Exemplary Term Paper Proposal 1
Alan Long
Biology 300
3/2/2013
Project Proposal
Peter and I intend to recreate the model presented in Cell Surface Receptors for Signal Transduction and Ligand Transport: A Design Principles Study by Harish Shankaran, Haluk Resat, and H. Steven Wiley. The paper focuses on the functional modules of cell signaling in an attempt to “facilitate the task of obtaining a systems-level understanding of cell function” (986). Four unique signaling modules/receptor systems are selected for study. They are EGFR, epidermal growth factor receptor, LDLR, low-density lipoprotein receptor, TfR, transferrin receptor, and VtgR, vitellogenin receptor. The same mathematical model is used for all four systems, but each receives its own unique set of initial parameter values based on previous scientific research. The paper hypothesizes that, through parameter manipulation, the selected receptor systems may be classified as avidity, describing the system’s ability to form receptor –ligand complexes, controlled, consumption, describing the system’s ability to internalize receptor-ligand complexes, controlled, or a combination of the two, and hence partially, if not completely, distinguish the receptor systems from one another.
The differential model used relates three state variables: R, the number of free surface receptors, C, the number of receptor-ligand complexes, and L, the extracellular concentration of the ligand. In addition to the state variables, there are six independent parameters: kon, the rate that the ligand bonds to free surface receptors, koff, the rate that the receptor-ligand complexes dissociate, kt, the rate that free receptors are internalized, ke, the rate that receptor-ligand complexes are internalized, RT, the steady state receptor abundance, and V, the extracellular control volume. Also, the function f[t] represents the introduction of new ligand molecules to the control volume. The initial model is then nondimensionalized to create the working model used for analysis within the paper. R* ,C* , and L* are the nondimensionalized state variables that are now related by parameters α, β , and γ which are functions of the original independent parameters. Of particular interest for classification of the system are β, the partition coefficient, which “quantifies the probability that a captured ligand molecule will be internalized before it dissociates,” and γ , the measure of specific avidity, which characterizes “how efficiently a receptor system can capture and extracellular ligand” (992). In order to simplify their analysis the authors of this model restricted analysis to the cell-surface receptor complexes and neglected processes after internalization such as the recycling of receptors. Additionally, they ignored nonuniformities such as uneven spacing of the receptors or the extracellular concentration gradients caused by internalization of the ligands at the cell surface.
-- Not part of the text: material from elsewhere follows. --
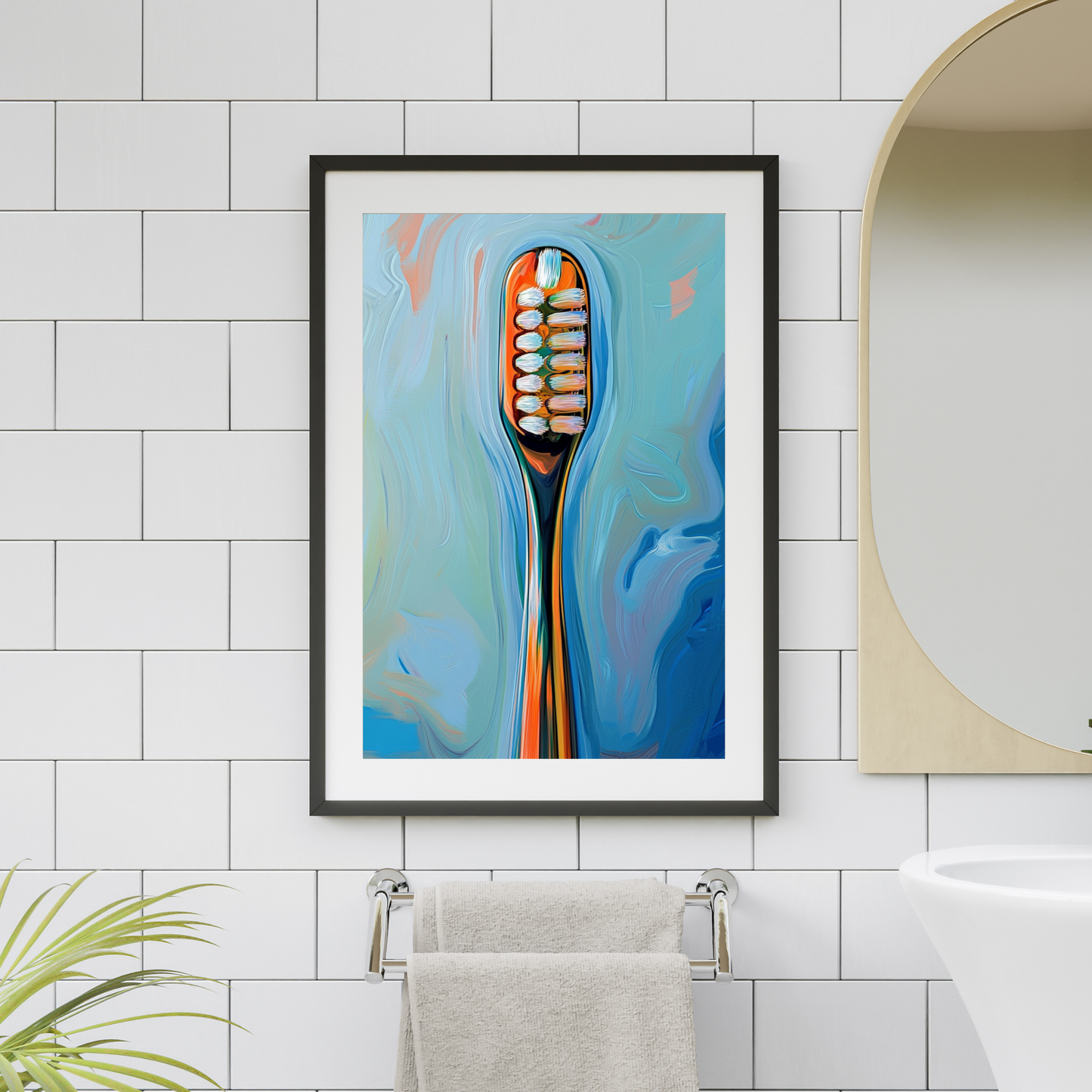 Impressionism Style Tooth Brush - Wall Art Digital File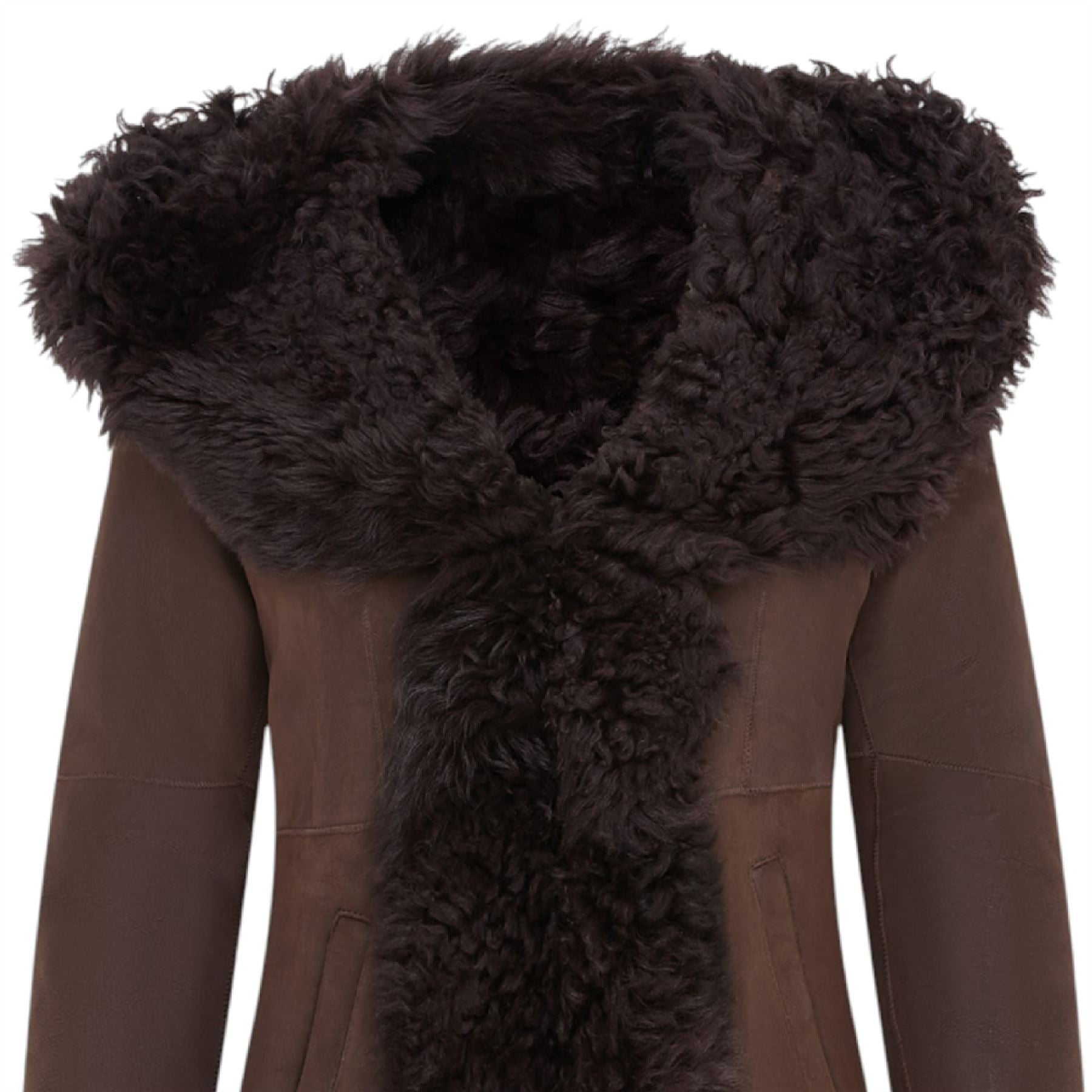 Womens Toscana Sheepskin Leather Hooded Trench Coat - Coast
To begin our reconstruction, we will first focus on the effect of endocytic downregulation, or loss of receptors due to bonding with ligands, on the accuracy that the system processes information. This effect will first be studied with respect to the EGFR system. Various magnitudes of downregulation will be applied along with altering the introduction of new ligands through manipulation of the function f[t]. Our work will be checked for correctness by comparing our results with Figure 2 of the paper. After establishing correctness, we intend to create a manipulate function within Mathematica that will allow the user to vary the magnitude of downregulation at will in addition to varying f[t]. Next, the other three selected systems will be analyzed for responsiveness to changes in downregulation which will be checked for correctness with Figure 3 from the article. Then we will analyze the four systems for sensitivity to volume changes, checking our work by comparing with Figure 4. Again, manipulates will be created to allow user control. Finally, we hope to extend the analysis presented within the paper by examining the effects of other functions for ligand introduction, f[t], and probing the model for predicted sensitivities to alteration of other parameters that would allow for greater ability to distinguish one system from the others based solely on its parameter sensitivities. If time permits, we will venture into the creation of the level curve plots used to show efficiency and sensitivity gradients with respect to the coordinate location to each of the receptor systems based on nondimensionalized parameter values, Figures 5 and 6.